In 2002, Boynton Ventures I LLC, a partnership that included former West Palm Beach Mayor Nancy Graham, agreed to buy the parcel from investor Christiane Francois.
The $105 million The Arches would feature 76 residential units, 40,500 square feet of retail space and 12,000 square feet of commercial space.
In July 2004, Francois posted a chain link fence around the lot and told about two dozen tenants to be out in 90 days.
"We had some nice neighbors across the street," Marquez said. "We were a little community."
Later that year, Francois refused to sell, saying Boynton Ventures was a day late in exercising its option. Graham sued, and a judge forced the sale.
Graham and her husband later sold their interest to business partner Ryan Weisfisch. But nothing happened, and that led to the foreclosure.
This year, PNC Bank, holding a $16.9 million loan, won a foreclosure judgment.
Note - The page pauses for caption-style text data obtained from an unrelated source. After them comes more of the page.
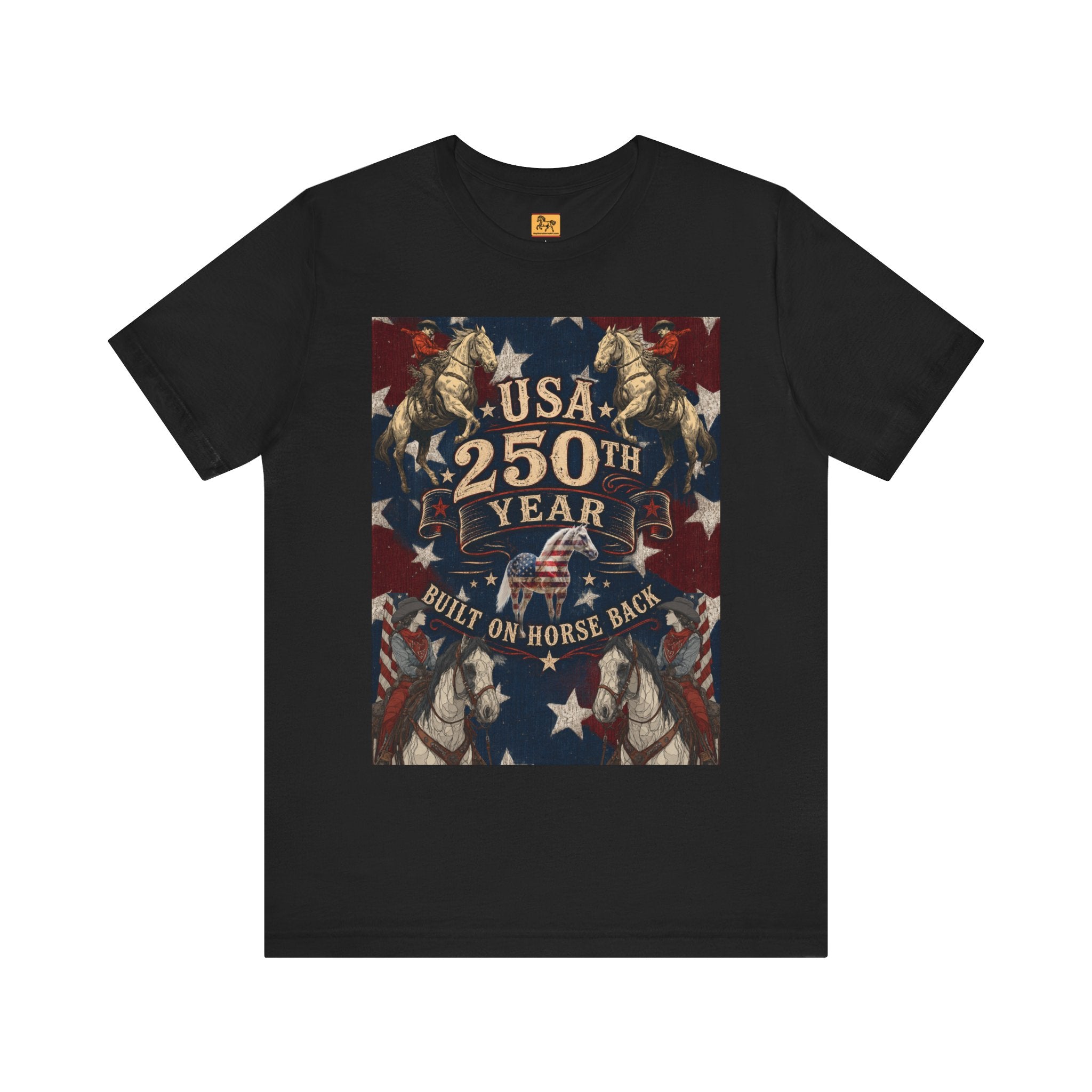 USA 250th Anniversary "Built on Horseback" Patriotic T-Shirt | American Equestrian Tee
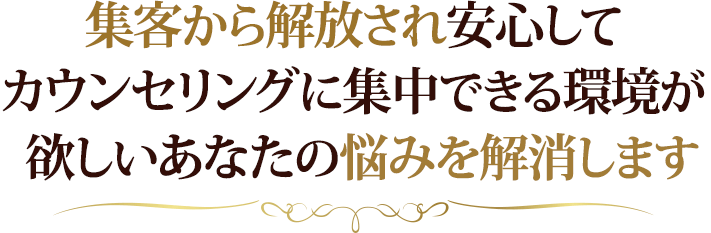 集客から解放され安心してカウンセリングに集中できる環境が欲しいあなたの悩みを解消します。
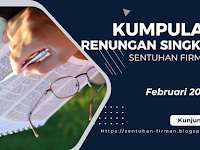 KUMPULAN RENUNGAN SINGKAT SENTUHAN FIRMAN FEBRUARI 2023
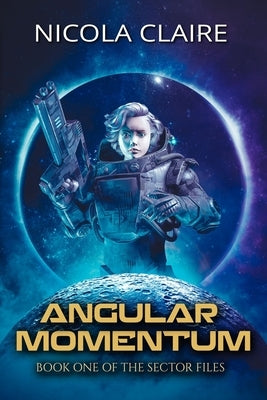 Angular Momentum (The Sector Files, #1) by Claire, Nicola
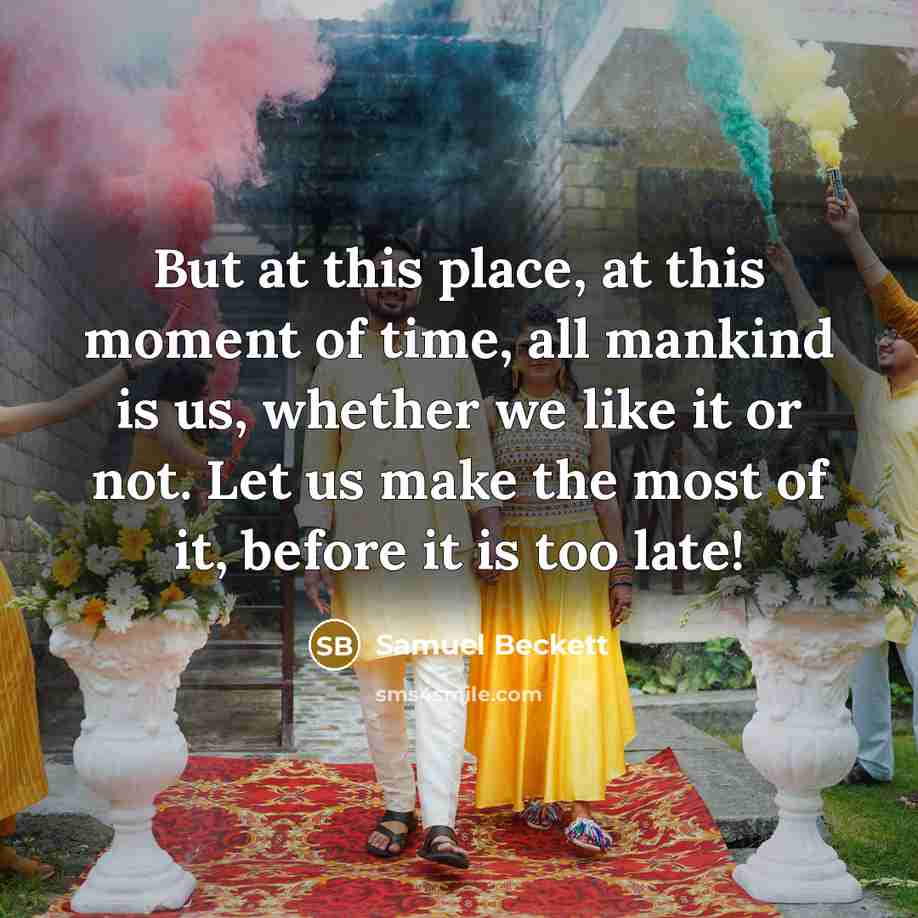 “But at this place, at this moment of time, all…” quote by Samuel Beckett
With more than $2 million in interest, late charges and legal fees, the total was $20.34 million.
In July, Capstone Resdev, a PNC subsidiary, bought the site at auction.
Bob Gassie, an Orlando-based Capstone vice president, confirmed the contract but would not divulge the buyer and didn't know what's planned.
For now, store owner Marquez still looks at an empty field. She said her strip installed awnings for a quaint look, "but with nothing across the street, it's tough."